I came across his words, as it happens, just after packing away a beautiful evening dress I was going to have take back to the shop. A dress I couldn’t wear because my shoulders are too broad for it.

“I won’t be hurt by this”, I told myself, “I won’t be. It isn’t worth it”.

But of course I was. It reminded me of those sneering remarks that were always directed  to me at school; the remarks that bullies use to taunt and ridicule. They’re impossible to deal with; I never knew whether to pretend to ignore them, which gave the bullies one kind of victory, or try to answer back and give the bullies the satisfaction of knowing they had hurt me. 

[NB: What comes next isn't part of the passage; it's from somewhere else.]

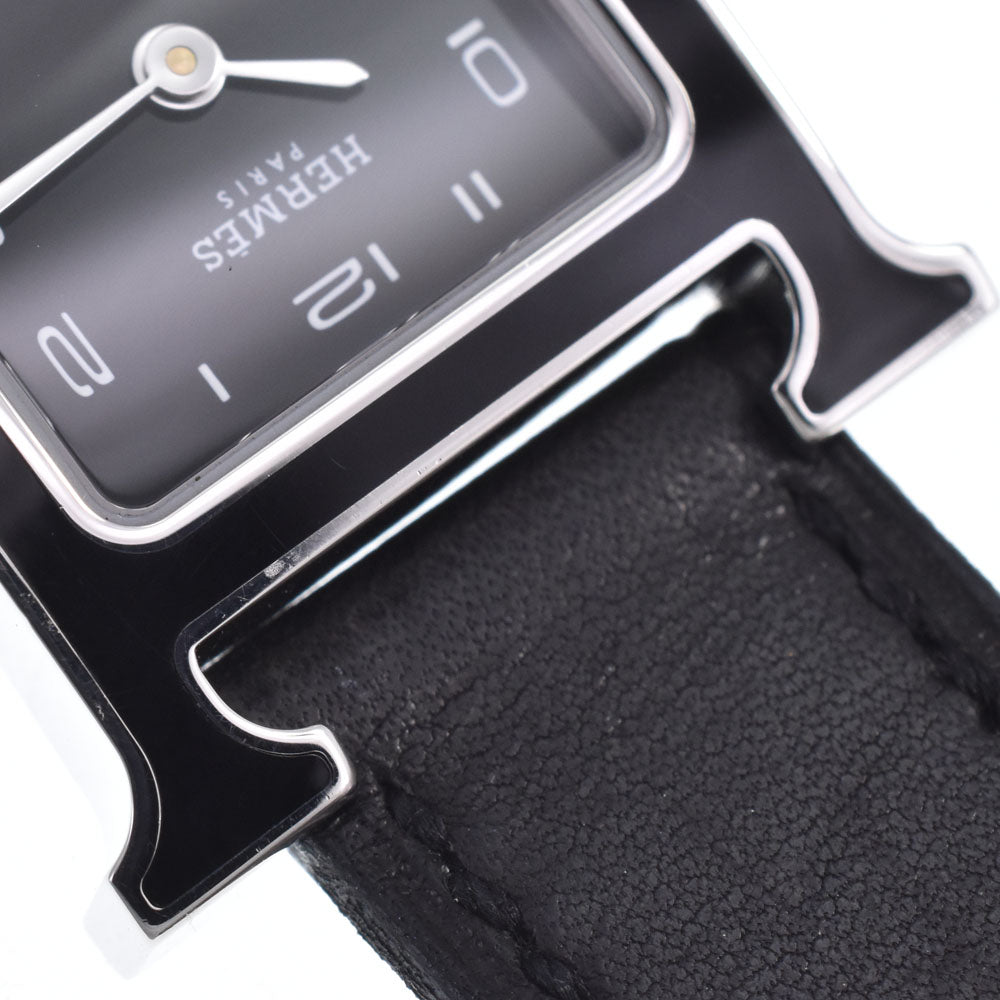 HERMES H watch HH1.221 black Dial Quartz Ladies
 Watch C#149696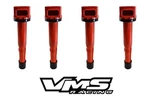 Vms Racing High Output Red Ignition Coil Fits 02-06 Acura Rsx 06-11 Csx UF-311. Fixed Price $1132.95.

I would generally say nothing, and then afterwards rehearse the most stinging responses over and over in my head. And that, I suspect, was how I first learned to craft dialogue.

It’s a sadness that otherwise intelligent people should think it witty to mock a fellow human being’s physical appearance. In this case, I’ve a feeling the writer’s gibe at broad shoulders comes from something inside himself that frightens and shames him. Something he doesn’t yet have the strength and courage to directly confront.

And so he spreads his little bit of hatred. And hatred breeds hatred, and rage breeds rage.

And fear breeds fear. The woman in the dress shop seems possessed by it. She can barely bring herself to look at me. I can’t tell if she is afraid of me, or afraid of losing her job. She’s standing in an empty shop and I feel sorry for her. For all my efforts, she will not smile. On a couple of occasions she fleetingly moves the muscles of her mouth, as if with great efort, but her face stays lifeless.

Outside the street is full of beggars. Their gang masters have placed them at regular intervals each side of the road. And told them to kneel.

The Big Issue seller is furious. “They should be sent back”, he says, “Sent back to where they come from”. I say I feel sorry for them. “Each country should look after its own”, he says. “But we’re not”, I say, “Look at this one”. He agrees: “This country”s a joke”. 

And I say: “And we all turn against each other”.